Japan, EU drop tariff threats
Reviewed by Hitoshi URABE
"Japan, EU drop tariff threats"
The whole show lasted for a year and nine months and ended the way it was envisaged at the outset by spectators, and the actors who had to pretend they wouldn't know the outcome. Perhaps it was a failure as a mystery entertainment since the results were too obvious from the beginning, and the audience had no opportunity to experience any wonder or thrill, but it was the only reasonable way to end it in the real world, especially when a significant chunk of the wealth of the world was the object of fiddling.
The tariffs imposed in March 2002, supposed to protect the U.S. steel industry, and intended to win popularity for President Bush, was finally scrapped by Mr Bush himself last week, which was, although the only practical consequence it was heading for, still a relief in realistic terms for other steel producing countries, and another victory for those believing in free trade, which the US itself had been claiming to subscribe to.
In March, 2002, in response to the reports on the US decision to impose import surtax on steel imports, this column commented as follows.
"A simple fact is that the American steel industry has failed, no matter how cleverly excuses are stated. Their incompetent management who could not recognize the industry's fragility has been ignoring to renovate the aged facilities, and the near-sighted union interested only in the earning for the day has been pretending that tomorrow never comes. In short, they failed to modernize and stay competitive. ... And once again, the industry ran to the government, like a wheedling child, accusing the hard working neighbors as the cause of their dissatisfaction.
"This has been going on for decades, surfacing every now and then as trade disputes with other countries. It is perfectly legitimate, therefore, for other countries, including Japan, to bring the case to WTO. As a matter of fact, it would be a shame if Japan, as a supporter of WTO, and who claim to be a true believer of free trade, do not stand up."
This was a year and nine months ago, and the issue is now resolved, and that in the way as if there had been a prepared scenario from the beginning.
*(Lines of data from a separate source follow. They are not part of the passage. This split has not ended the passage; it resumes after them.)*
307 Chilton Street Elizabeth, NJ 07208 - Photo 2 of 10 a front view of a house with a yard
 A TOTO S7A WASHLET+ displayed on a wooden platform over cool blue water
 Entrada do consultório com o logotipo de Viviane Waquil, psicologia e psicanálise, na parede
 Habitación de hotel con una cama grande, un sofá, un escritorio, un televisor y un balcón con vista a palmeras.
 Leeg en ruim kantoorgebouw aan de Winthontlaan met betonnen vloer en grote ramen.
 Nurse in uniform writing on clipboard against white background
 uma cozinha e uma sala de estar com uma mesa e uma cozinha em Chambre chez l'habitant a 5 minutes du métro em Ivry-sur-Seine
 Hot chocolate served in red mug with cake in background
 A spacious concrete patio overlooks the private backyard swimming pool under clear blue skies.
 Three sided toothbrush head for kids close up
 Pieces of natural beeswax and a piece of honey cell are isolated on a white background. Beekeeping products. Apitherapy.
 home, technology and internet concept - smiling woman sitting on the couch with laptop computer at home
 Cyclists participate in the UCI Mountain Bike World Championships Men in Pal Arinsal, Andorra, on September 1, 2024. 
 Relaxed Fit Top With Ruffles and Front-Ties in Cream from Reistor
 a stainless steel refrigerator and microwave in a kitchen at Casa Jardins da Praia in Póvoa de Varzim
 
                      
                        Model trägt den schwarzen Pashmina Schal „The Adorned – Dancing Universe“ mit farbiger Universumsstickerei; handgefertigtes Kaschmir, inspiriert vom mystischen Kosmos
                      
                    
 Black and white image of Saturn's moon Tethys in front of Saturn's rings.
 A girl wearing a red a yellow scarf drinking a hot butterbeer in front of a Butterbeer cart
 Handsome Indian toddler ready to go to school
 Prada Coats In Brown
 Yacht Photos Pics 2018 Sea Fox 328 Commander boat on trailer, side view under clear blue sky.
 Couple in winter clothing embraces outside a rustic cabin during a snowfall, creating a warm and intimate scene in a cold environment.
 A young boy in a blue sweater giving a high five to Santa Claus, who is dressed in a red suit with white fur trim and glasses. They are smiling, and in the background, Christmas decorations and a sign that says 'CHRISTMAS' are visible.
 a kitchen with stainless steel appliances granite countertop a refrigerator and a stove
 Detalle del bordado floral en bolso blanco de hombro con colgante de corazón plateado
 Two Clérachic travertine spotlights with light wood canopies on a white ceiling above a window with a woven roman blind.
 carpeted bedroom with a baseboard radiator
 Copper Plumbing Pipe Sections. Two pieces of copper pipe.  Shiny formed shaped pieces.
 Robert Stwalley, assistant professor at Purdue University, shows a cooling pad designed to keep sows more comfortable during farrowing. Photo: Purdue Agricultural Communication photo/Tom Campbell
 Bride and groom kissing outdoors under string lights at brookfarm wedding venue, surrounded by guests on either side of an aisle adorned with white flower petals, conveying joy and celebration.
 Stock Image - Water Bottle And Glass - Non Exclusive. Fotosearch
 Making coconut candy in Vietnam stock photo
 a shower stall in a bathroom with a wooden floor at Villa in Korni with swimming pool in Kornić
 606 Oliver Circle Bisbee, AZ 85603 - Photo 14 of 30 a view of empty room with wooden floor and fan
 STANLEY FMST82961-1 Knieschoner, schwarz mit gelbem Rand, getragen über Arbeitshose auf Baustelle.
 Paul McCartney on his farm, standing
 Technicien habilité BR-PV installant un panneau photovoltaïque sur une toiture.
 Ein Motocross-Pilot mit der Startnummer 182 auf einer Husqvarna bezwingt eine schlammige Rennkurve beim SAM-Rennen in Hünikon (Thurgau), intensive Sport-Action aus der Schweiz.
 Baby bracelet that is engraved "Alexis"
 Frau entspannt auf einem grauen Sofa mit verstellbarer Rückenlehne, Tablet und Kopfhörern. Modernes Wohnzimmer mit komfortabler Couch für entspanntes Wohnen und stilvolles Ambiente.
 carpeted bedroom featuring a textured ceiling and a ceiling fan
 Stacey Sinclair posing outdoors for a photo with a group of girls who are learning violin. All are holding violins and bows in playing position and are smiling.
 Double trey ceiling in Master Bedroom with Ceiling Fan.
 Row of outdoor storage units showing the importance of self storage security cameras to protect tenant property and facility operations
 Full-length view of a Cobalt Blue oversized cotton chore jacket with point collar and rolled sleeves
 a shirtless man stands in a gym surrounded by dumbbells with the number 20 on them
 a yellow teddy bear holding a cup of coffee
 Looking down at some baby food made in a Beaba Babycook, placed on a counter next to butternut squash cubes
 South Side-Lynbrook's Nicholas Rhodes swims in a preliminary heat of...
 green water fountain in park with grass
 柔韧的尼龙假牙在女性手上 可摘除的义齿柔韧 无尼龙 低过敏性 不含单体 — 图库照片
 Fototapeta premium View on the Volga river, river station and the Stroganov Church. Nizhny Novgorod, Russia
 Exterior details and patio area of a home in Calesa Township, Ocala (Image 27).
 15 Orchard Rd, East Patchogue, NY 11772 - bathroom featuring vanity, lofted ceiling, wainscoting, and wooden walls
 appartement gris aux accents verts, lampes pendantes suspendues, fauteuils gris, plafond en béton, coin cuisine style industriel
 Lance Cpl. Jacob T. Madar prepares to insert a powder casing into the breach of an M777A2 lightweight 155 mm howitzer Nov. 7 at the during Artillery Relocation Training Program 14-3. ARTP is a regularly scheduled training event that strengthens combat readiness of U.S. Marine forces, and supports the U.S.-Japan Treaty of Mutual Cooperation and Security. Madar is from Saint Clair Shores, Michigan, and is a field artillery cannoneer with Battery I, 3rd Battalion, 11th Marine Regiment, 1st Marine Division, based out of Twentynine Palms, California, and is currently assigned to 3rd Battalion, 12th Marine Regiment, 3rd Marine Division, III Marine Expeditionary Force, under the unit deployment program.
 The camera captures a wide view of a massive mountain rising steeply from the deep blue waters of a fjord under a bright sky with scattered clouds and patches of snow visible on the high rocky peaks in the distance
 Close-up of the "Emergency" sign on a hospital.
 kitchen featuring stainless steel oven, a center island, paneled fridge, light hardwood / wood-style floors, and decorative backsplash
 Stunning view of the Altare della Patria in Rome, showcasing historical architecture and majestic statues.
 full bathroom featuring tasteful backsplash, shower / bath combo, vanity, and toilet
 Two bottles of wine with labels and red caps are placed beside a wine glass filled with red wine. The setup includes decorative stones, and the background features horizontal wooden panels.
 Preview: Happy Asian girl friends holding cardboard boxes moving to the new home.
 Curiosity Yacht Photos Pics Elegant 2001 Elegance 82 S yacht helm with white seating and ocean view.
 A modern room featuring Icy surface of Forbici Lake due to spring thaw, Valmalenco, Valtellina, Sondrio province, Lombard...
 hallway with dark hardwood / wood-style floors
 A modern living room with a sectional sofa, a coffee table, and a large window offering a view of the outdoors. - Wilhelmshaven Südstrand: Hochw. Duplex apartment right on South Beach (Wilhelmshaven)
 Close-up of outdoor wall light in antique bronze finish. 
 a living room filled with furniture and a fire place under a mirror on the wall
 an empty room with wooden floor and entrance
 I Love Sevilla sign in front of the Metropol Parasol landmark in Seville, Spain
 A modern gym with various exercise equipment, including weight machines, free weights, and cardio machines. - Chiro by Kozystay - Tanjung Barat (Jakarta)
Raising any import tariff, for whatever the reason, and in any country, is in effect charging their own people for the sake of a certain sector of the economy. The US, when they stepped up its tariff on steel imports was in fact charging the US citizens to protect their domestic steel industry, which in consequence most severely clobbered those domestic industries who need steel to manufacture goods of their own.
This is the major reason Japan never employed retaliative tariffs, which is a measure specifically authorized by WTO when the counterpart's import tariff is found illegal and is not remedied. Retaliative tariff hurts people and saves no one. A counterproductive measure by definition, and in this context, it was relieving that Japan was not cornered into utilizing it to show its determination, for whatever its worth, in a game akin to chicken race.
History indicates that it is difficult to expect for the US to learn a lesson from this sort of experience. But one thing established through the exercise this time perhaps is that if other countries, including Japan, could hold on to a determined stance against rogue measures, it could change the policy of even the most powerful nation.